Antes do Rio Grande do Sul, o exemplo mais recente de emprego das Forças Armadas foi a operação que levou comida emergencialmente para aldeias indígenas Yanomami, localizadas entre os estados de Roraima e Amazonas. A comida teve que ser lançada de paraquedas a partir de grandes aviões de carga (pela inacessibilidade da floresta), recuperada em solo e então redistribuída para cada aldeia. Nenhuma agência civil ou sociedade organizada teria capacidade logística para exercer a tarefa.
Quando as águas começaram a subir rapidamente no Rio Grande do Sul no fim de abril, as Forças Armadas foram mobilizadas para atuar nos resgates de pessoas ilhadas. Os recursos para comprar combustível e utilizar aeronaves, veículos e maquinário saíram da verba de adestramento e custeio do Ministério da Defesa. No ano passado, 6,2% do orçamento da pasta (cerca de R$ 7,5 bilhões) foram utilizados para custear ações e operações extraordinárias, que fogem à rotina de treinamento e manutenção das forças.

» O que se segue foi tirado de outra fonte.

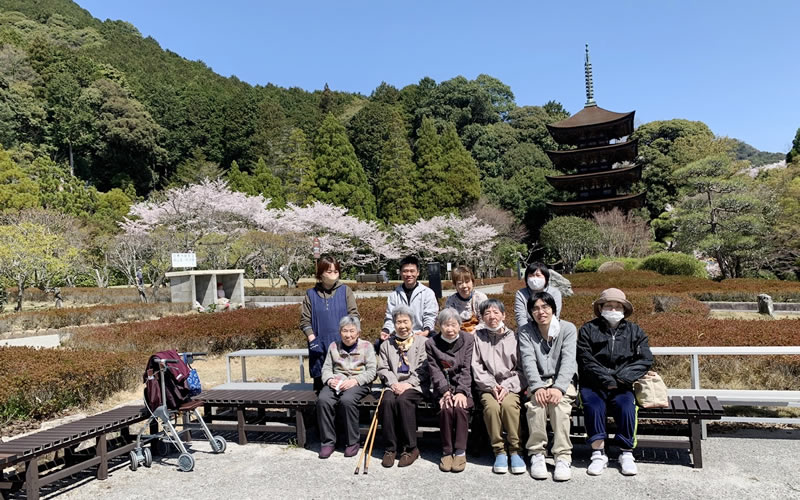 五重塔をバックにみんなで記念撮影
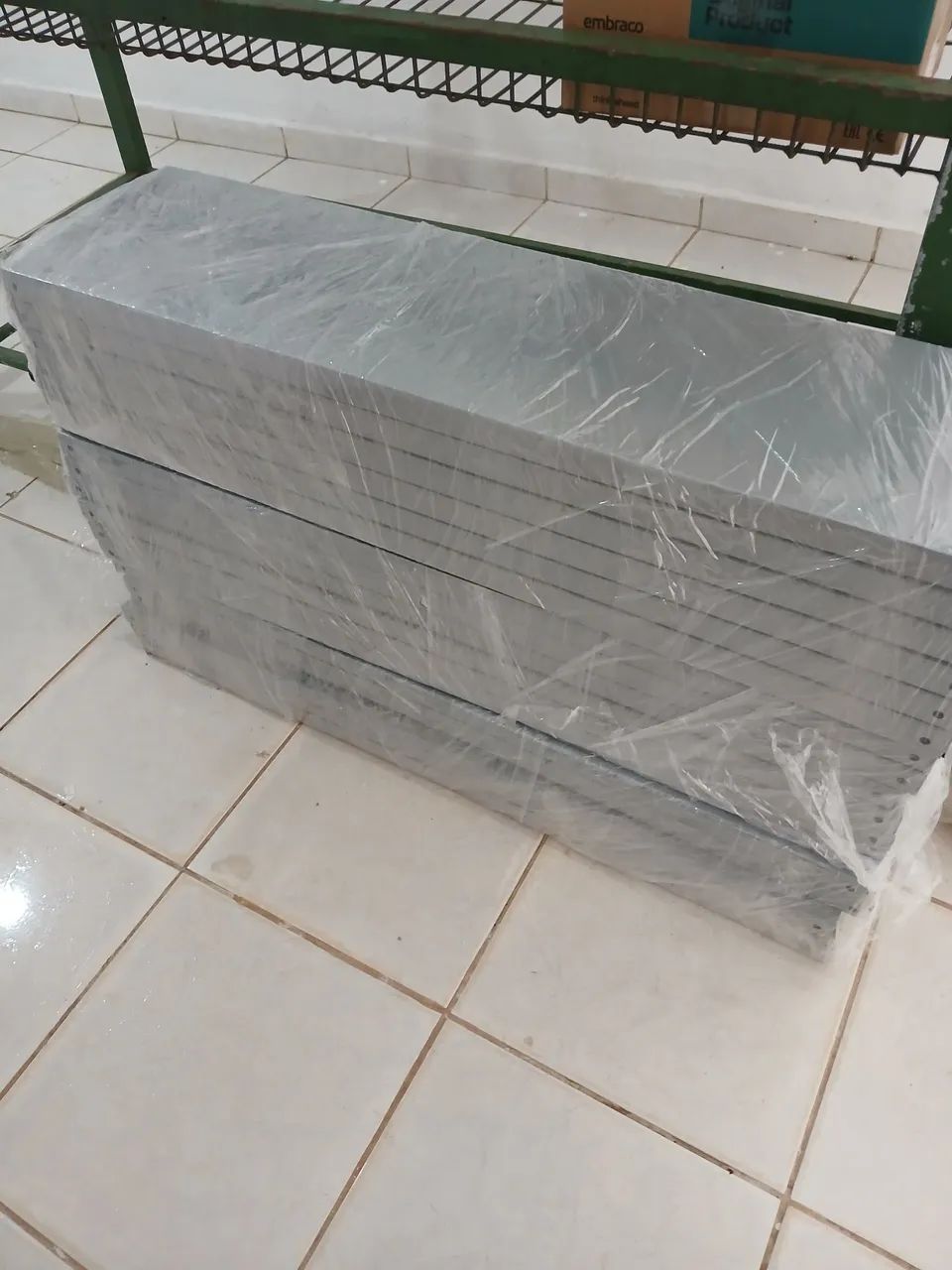 Estante de Aço 2m - Nova na Embalagem - Foto 2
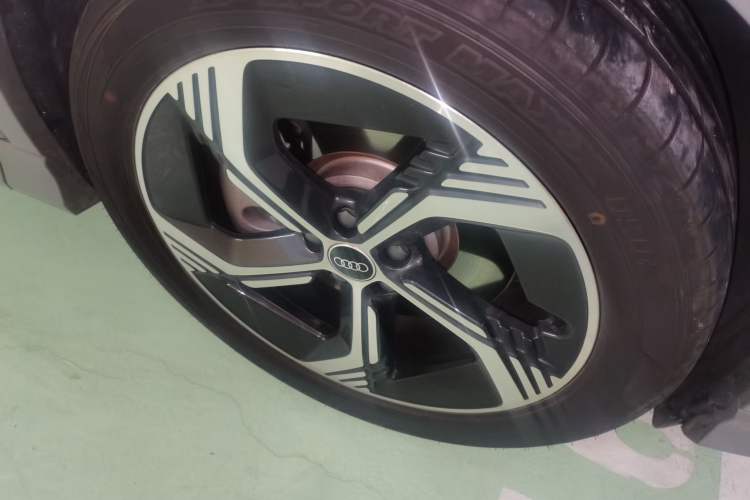 Used Audi Q4 e-tron 2023 40 e-tron Boundary Edition Right Front Wheel Hub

“O custeio vai aumentar e vai aumentar bastante neste ano. As Forças Armadas fazem poucas missões de treinamento em comparação com países desenvolvidos, e agora há um uso intensivo de aeronaves e helicópteros, que geralmente fazem poucos voos por ano e agora estão fazendo voos o dia inteiro. Então a verba de custeio deve subir bastante”, explica o doutorando em Políticas Públicas, Estratégia e Desenvolvimento pela Universidade Federal do Rio de Janeiro (UFRJ) Henrique Alvarez, que também é mestre em Estudos Estratégicos da Defesa e da Segurança pela Universidade Federal Fluminense (UFF).
O comandante militar do Sul, general Hertz Pires do Nascimento, explicou em entrevista à Gazeta do Povo de onde vem a verba. “Nós estamos empregando o recurso que está disponível para o nosso adestramento, o preparo da nossa tropa. Mas a atenção em termos de combustível, em termos de recursos, tudo o que eu coloco, tudo o que eu necessito tem chegado para aquisição”, disse.
De acordo com o comandante, as operações de resgate nem sempre são fáceis e equipamentos e veículos se desgastam ou acabam destruídos. Isso é um risco natural de qualquer operação de resgate. “Só em um evento de salvamento em um bairro de Canoas eu perdi cinco caminhões. Literalmente, a água levou, cobriu todo o caminhão, perdi todo o caminhão. Motores de popa, botes estragados, o desgaste das nossas viaturas, o maquinário de engenharia que vai ser empregado”, disse o general à Gazeta do Povo.
Alvarez explica que essas despesas podem ser custeadas a partir de crédito extraordinário liberado pelo Governo Federal, que é usado para repor as reservas do Ministério da Defesa. Mas, segundo analistas, essa ação emergencial de reposição de verbas não exime o governo de fazer investimentos nas Forças Armadas. Se aeronaves, embarcações e blindados forem sucateados ao longo dos anos, não haverá meios para serem mobilizados rapidamente quando as próximas catástrofes acontecerem.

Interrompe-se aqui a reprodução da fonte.